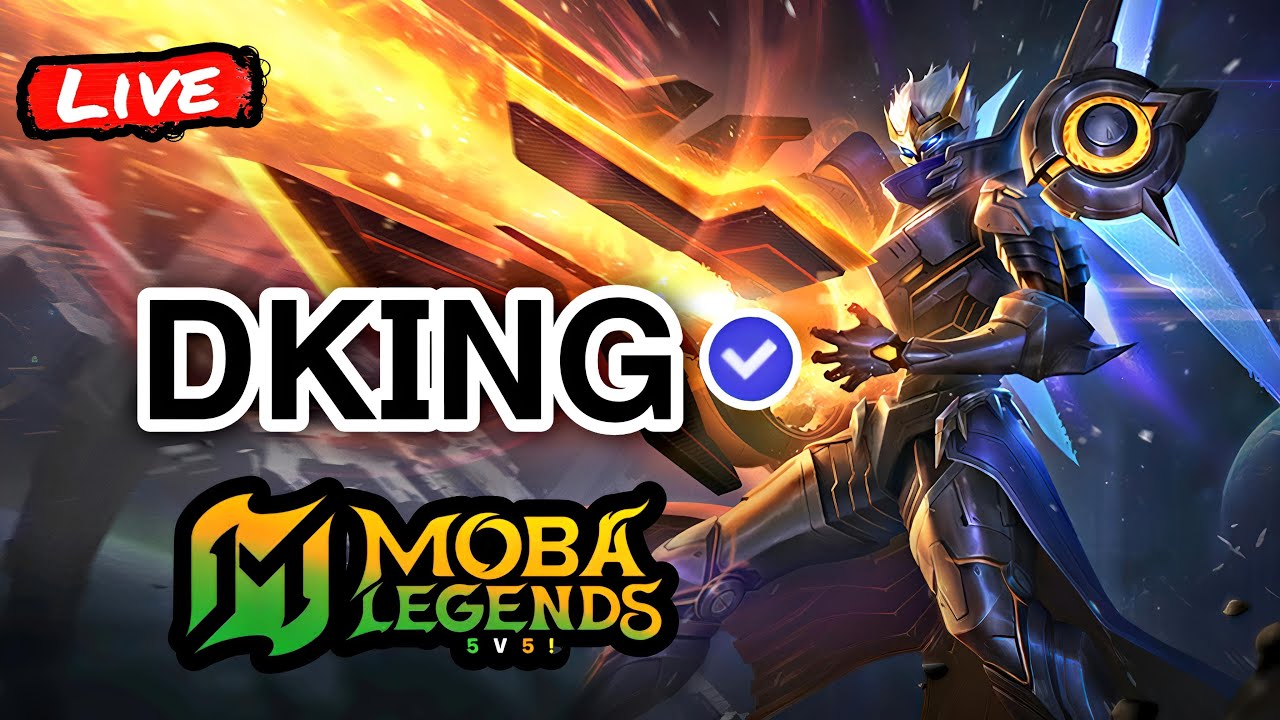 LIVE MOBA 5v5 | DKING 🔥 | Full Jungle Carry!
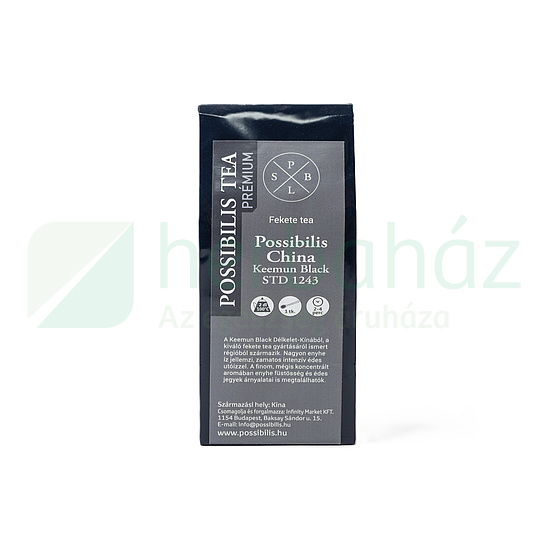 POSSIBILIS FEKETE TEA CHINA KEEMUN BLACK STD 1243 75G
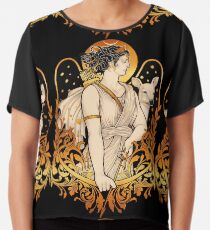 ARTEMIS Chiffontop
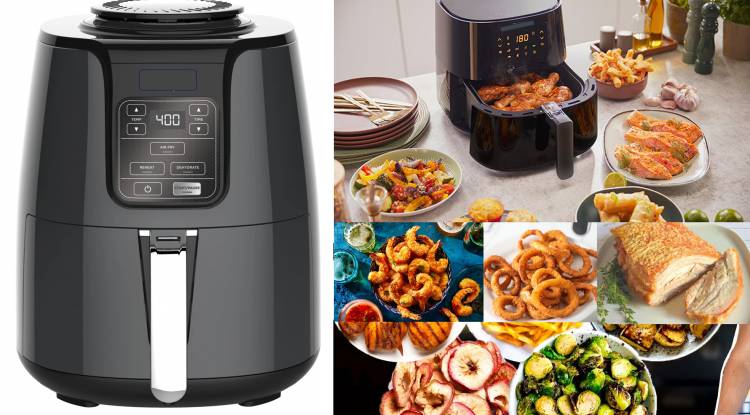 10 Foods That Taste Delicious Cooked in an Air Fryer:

• [Exercise details] Once the images are set aside, retype all of the material above exactly.

• [Result of this exercise]
 LIVE MOBA 5v5 | DKING 🔥 | Full Jungle Carry!
 POSSIBILIS FEKETE TEA CHINA KEEMUN BLACK STD 1243 75G
 ARTEMIS Chiffontop
 10 Foods That Taste Delicious Cooked in an Air Fryer:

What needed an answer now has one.